November 18, 2022

Trucking industry should bear its full costs; further subsidies for trucking is bad policy

Pictured: a row of trucks prime movers. Photo credit: Dale Staton from Unsplash.

Australia isn’t getting the best deal from its trucking industry. Trucking is heavily subsidised, it is polluting, and it is dangerous – many Australians are killed and injured in heavy truck accidents each year.

We don’t think it’s good policy to give yet more subsidies to this industry at the further expense of all other Australians.

But that’s exactly what trucking industry executives, shippers (who hire trucking services), and their representatives want – more of other people’s money.

Dealing with unavoidable costs

It has often been said that all businesses face a dilemma of how to deal with unavoidable costs such as rent, infrastructure, labour and power. Those same businesses are then forced to either absorb costs or pass them on to their commercial clients.
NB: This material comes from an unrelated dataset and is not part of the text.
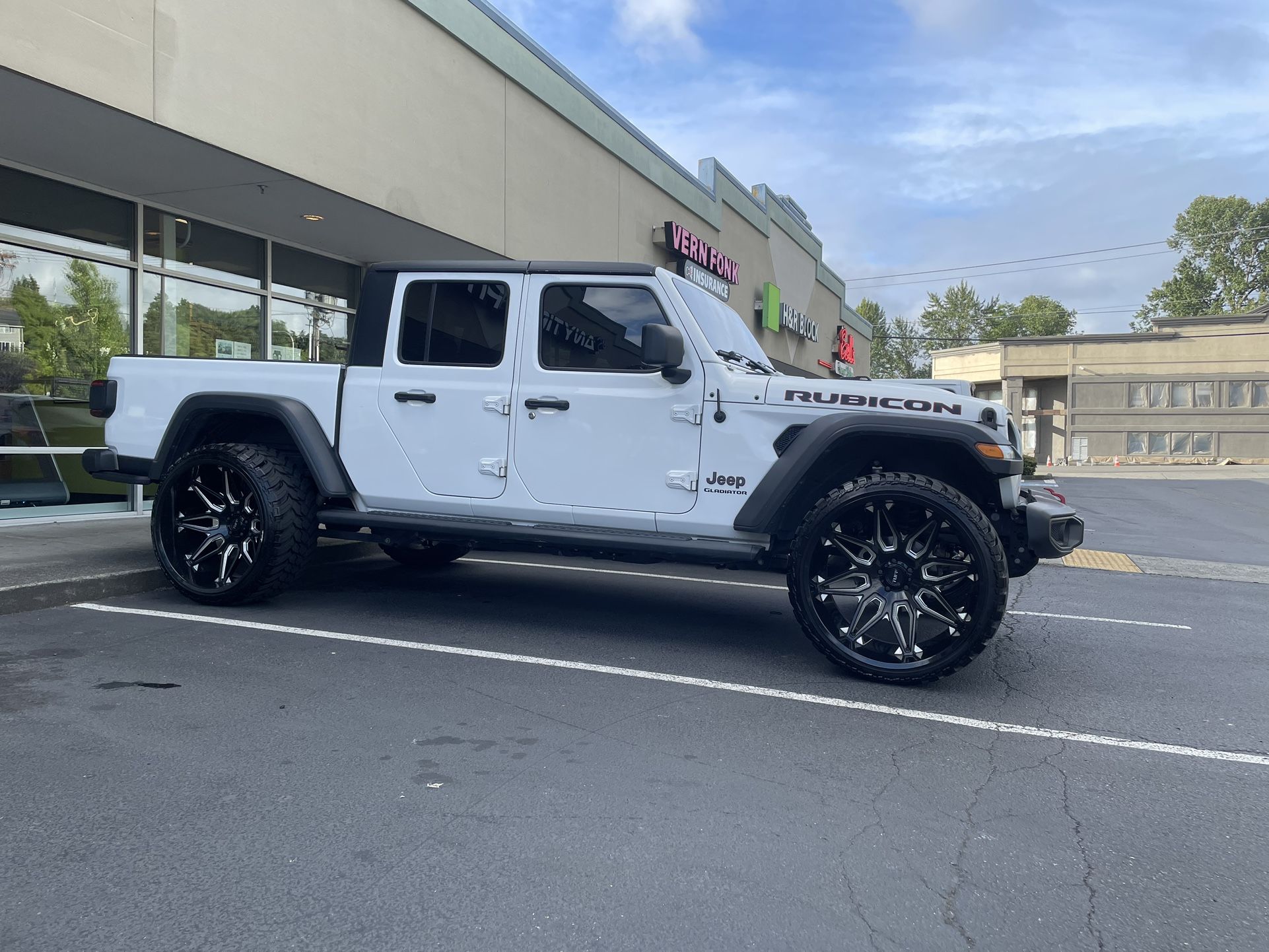 2020 Jeep Gladiator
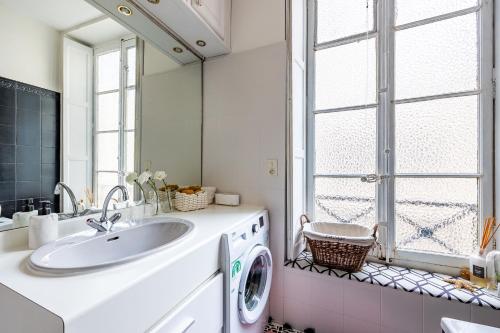 里昂Appartement Haussmannien d’Artiste, exception, quai de Saône balcon+Parking的一间带水槽和洗衣机的浴室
Shipping Australia agrees completely with this sentiment: accordingly, trucking companies should be required to either absorb operating costs, such as paying Terminal Access Charges as levied by marine terminal operators, or pass these on to their commercial client (freight forwarders, shippers and consignors).
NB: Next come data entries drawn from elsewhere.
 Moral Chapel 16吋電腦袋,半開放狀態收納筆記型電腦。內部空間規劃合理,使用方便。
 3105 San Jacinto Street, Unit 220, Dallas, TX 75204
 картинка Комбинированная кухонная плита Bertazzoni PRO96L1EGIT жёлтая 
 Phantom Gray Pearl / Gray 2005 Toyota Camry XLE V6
Bad policy and bizarre reasons

Unfortunately, the Productivity Commission has, in its draft report, has come up with a rather bad policy recommendation that trucking businesses should – for a fairly bizarre reason – be absolved of their own business costs and the huge externalities they impose on Australians.

There are trucking operators that are making huge profits and revenues off the back of the freight boom – not that you’d know it from listening to industry representatives. Yet there are repeated, strident, and vigorous calls for subsidy by being absolved of having to pay legitimate Terminal Access Charges.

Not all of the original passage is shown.